Examples of the reservoir portion 14 may include a tube, a sac, an
inflatable balloon, or some other container. The reservoir portion
14 may receive fluid from the pulsation portion 12 from the tube 24
running between the pulsation portion 12 and the reservoir portion
14. The reservoir portion 14 may include a container 18 connected
to the tube 24. When blood flow within the vascular passageway 30
deflates a portion of the pulsation portion 12, fluid within the
pulsation portion 12 may flow into the container 18. As the fluid
enters the container 18, the pressure within the container 18 may
increase. The increased pressure within the container 18 may
provide a passive force on the fluid to flow back into the
pulsation portion 12. The container 18 may have a fixed volume or
may be inflatable. The container 18 may be made of any material
capable of retaining the fluid in the pulsation portion 12, such as
rubber or a polymer. The container 18 and reservoir portion 14 may
be located within the vascular passageway 30, inside the body of
the patient 28 but outside the vascular passageway 30, or outside
the body of the patient 28 altogether. In some embodiments, the
tube 24 may run between the container 18 of the reservoir portion
14 and the second end 22 of the pulsation portion 12. In other
embodiments, the tube 24 may run between the container 18 of the
reservoir portion 14 and the first end 20 of the pulsation portion
12 to facilitate placement of the reservoir portion 14 in or
outside of one of the right or left subclavian arteries.

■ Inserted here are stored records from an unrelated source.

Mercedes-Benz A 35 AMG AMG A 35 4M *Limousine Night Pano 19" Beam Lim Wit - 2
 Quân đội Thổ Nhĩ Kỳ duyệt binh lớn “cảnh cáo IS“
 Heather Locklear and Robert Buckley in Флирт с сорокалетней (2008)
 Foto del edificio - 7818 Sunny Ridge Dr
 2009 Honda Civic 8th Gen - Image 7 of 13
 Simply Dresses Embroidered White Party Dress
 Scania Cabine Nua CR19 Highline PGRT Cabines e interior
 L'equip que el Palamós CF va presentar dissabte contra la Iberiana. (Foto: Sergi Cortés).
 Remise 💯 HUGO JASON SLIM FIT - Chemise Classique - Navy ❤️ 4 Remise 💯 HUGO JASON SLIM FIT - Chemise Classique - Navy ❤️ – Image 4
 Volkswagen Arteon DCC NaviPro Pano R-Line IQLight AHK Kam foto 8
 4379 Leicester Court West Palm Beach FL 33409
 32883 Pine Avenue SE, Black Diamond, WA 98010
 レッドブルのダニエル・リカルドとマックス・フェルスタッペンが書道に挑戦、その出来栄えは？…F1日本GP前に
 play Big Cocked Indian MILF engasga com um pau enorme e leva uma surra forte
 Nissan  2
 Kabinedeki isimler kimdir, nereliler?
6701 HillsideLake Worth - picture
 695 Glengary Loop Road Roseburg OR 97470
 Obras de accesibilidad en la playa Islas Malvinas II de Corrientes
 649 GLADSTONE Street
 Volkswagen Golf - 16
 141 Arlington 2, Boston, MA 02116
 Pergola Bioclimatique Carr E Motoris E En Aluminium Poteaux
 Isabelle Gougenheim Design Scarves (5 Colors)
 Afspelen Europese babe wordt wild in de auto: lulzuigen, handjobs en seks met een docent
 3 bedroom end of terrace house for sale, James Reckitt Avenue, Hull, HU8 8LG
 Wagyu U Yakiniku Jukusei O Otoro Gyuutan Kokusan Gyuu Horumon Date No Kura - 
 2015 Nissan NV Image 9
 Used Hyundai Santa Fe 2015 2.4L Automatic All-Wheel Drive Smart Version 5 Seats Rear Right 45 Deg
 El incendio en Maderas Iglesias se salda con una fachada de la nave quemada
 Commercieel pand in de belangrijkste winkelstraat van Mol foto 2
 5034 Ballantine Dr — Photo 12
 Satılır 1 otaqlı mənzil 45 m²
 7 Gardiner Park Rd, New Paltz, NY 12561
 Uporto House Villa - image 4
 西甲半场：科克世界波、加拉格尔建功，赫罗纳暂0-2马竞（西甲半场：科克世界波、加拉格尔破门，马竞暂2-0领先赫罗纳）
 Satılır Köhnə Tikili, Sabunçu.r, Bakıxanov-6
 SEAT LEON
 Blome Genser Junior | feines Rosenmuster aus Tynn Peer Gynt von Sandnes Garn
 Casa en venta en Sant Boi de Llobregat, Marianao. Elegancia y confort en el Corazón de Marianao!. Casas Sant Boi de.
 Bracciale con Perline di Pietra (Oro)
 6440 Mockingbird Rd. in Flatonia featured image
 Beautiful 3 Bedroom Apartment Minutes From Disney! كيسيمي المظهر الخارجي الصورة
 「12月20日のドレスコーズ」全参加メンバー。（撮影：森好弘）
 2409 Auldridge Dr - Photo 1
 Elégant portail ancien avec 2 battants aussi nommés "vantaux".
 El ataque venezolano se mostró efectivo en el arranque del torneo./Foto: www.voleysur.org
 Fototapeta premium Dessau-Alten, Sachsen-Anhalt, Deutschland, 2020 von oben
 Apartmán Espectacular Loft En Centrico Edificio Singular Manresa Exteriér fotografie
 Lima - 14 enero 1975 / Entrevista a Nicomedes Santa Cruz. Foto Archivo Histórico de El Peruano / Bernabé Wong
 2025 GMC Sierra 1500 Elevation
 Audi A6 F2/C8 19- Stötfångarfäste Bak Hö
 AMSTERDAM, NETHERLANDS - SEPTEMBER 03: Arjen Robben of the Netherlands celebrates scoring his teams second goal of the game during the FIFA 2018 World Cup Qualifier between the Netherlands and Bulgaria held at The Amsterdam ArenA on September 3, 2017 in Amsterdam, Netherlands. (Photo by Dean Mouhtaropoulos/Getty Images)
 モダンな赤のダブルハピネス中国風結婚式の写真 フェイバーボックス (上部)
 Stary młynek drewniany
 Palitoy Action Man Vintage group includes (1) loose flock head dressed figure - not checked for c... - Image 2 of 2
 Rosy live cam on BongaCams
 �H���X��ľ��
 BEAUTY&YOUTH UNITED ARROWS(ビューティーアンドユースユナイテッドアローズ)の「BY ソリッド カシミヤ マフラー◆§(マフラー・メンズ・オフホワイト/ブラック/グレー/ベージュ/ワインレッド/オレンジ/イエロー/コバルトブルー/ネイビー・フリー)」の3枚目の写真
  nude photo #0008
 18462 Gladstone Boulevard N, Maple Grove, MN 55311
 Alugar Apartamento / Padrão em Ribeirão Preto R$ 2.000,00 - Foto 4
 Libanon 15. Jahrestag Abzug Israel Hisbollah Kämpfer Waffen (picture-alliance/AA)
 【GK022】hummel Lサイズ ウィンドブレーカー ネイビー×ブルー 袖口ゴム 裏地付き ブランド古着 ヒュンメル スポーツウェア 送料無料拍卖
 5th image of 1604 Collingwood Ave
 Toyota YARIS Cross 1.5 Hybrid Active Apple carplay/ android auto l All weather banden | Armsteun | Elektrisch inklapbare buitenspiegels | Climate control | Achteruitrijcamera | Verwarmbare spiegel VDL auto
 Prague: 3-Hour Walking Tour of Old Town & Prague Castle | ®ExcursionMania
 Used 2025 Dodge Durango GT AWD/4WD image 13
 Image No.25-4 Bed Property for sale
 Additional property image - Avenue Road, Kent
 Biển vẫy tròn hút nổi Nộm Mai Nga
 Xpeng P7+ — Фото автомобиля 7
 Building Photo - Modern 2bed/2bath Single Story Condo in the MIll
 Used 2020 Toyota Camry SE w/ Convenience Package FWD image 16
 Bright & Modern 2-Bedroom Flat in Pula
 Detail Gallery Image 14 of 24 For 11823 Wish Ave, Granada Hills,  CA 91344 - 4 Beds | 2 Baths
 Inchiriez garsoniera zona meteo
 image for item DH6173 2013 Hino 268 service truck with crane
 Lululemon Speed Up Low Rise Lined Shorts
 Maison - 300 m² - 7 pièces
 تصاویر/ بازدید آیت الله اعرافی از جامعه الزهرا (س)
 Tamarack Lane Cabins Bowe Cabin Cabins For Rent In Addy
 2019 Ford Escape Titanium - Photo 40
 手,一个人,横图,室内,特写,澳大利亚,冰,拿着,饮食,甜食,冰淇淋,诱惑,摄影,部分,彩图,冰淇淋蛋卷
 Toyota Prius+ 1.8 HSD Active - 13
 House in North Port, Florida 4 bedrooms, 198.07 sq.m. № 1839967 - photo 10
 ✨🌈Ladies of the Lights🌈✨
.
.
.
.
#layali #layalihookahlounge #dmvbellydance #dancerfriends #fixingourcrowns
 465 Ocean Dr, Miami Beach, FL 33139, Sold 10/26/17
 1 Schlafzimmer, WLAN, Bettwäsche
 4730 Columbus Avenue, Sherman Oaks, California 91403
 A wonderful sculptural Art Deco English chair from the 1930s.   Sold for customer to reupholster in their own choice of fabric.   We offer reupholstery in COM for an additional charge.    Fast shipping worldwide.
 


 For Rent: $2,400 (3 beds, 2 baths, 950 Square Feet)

[0027] The medical device 10, including pulsation portion 12 and
the reservoir portion 14 may be deflated while being delivered to
the vascular passageway 30. After implantation, the medical device
10 may be inflated to an operating volume. In some embodiments, the
medical device 10 may only be partially inflated to allow
compression of the expandable segment 16 to more easily allow air
to flow from the pulsation portion 12 to the reservoir portion 14.
The operating volume of the medical device 10 may be between about
50% to about 90% of the maximum volume of the medical device 10,
and preferably between about 60% to about 80% of the maximum volume
of the medical device 10.
[0028] FIG. 2 illustrates another embodiment of the vascular
pulsation device 10. As shown in FIG. 2, the reservoir portion 14
may be bifurcated in some embodiments, such that the pulsation
portion 12 may be arranged within aorta of the patient 28 while the
reservoir portion 14 may be arranged within the iliac arteries of
the patient 28. The container 18 of the reservoir portion 14 may be
inflatable to a maximum cross-sectional area 56 which is 50% to 90%
of the cross-sectional area of the vascular passageway 30.
Therefore, when the blood flowing over the pulsation portion 12
reaches the reservoir portion 14, the container 18 may deflate and
force fluid back into the pulsation portion 12.
[0029] As shown in FIG. 2, the vascular pulsation device 10 may
include a return passage 32 and a supply passage 34. The return
passage 32 may be any conduit arranged to supply fluid from the
reservoir portion to the first end 20 of the pulsation portion 12.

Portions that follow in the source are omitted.